Data Pipeline Segmentation

This post details the stages of data processing within a local pipeline managed by the Substrates runtime, from a client call to an Instrument interface method to dispatching an Event to an Outlet registered by a Subscriber.

Stage 1

When an activity occurs within a process, the instrumentation within the code (injected possibly by an agent) will call a method on an Instrument, such as a Counter::inc or Timer::start, to capture the phenomenon to be routed and relayed.

The purpose of an Instrument is to capture data and forward it onto an Inlet it has been given in its construction.

Sometimes the caller provides the data to the Instrument as an argument to a method call, as in logging an Exception.

Other times the Instrument must interact with the application runtime to collect the data to be emitted.
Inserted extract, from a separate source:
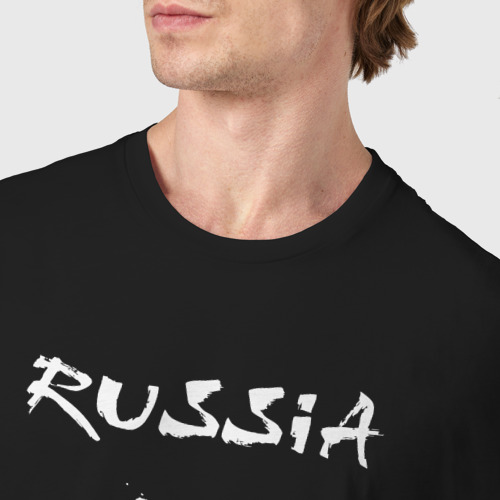 Мужская футболка хлопок Russia basket, цвет черный - фото 6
An example of this would be a Timer accessing the current Clock time or an Instrument capturing the current Thread call stack.
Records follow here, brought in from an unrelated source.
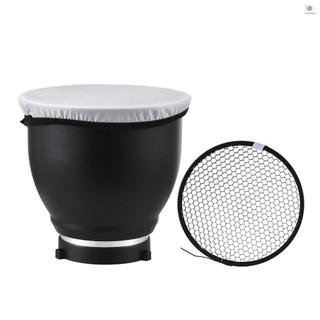 7 Inch Bowen Mount Beauty Dish Standar Reflector Diffuser Lamp Shade Dish với 60°Tất lưới tổ ong & khuếch tán cho Bowens Mount Studio nhấp nháy Đèn Flash Spe Vcamera-415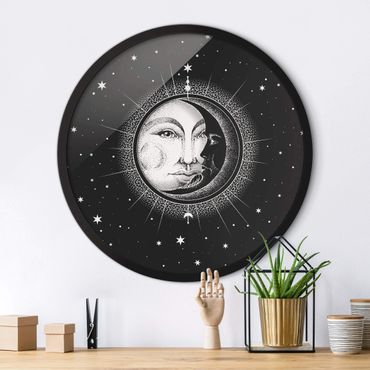 Tableau rond encadré - Vintage Sun And Moon Illustration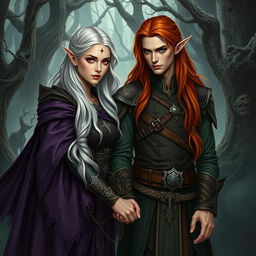 An exquisite artistic portrayal of a fantasy character couple consisting of a human woman and a male elf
This stage is executed within the context of calling Thread, so it must be efficient so as not to perturb the activity.

Based on captured data, an Instrument can opt out of forwarding data onto the Inlet, short-circuiting the pipeline.


Stage 2

When an Inlet receives data to be emitted, it immediately queues up work within the Circuit for execution if both the Conduit and Circuit are still open.

The enqueuing is done within the calling scope of the Instrument interface method, so again, it needs to be efficient.


Stage 3

Only when the work is executed is an Event created if there are Outlets that a Subscriber has registered for the Subject.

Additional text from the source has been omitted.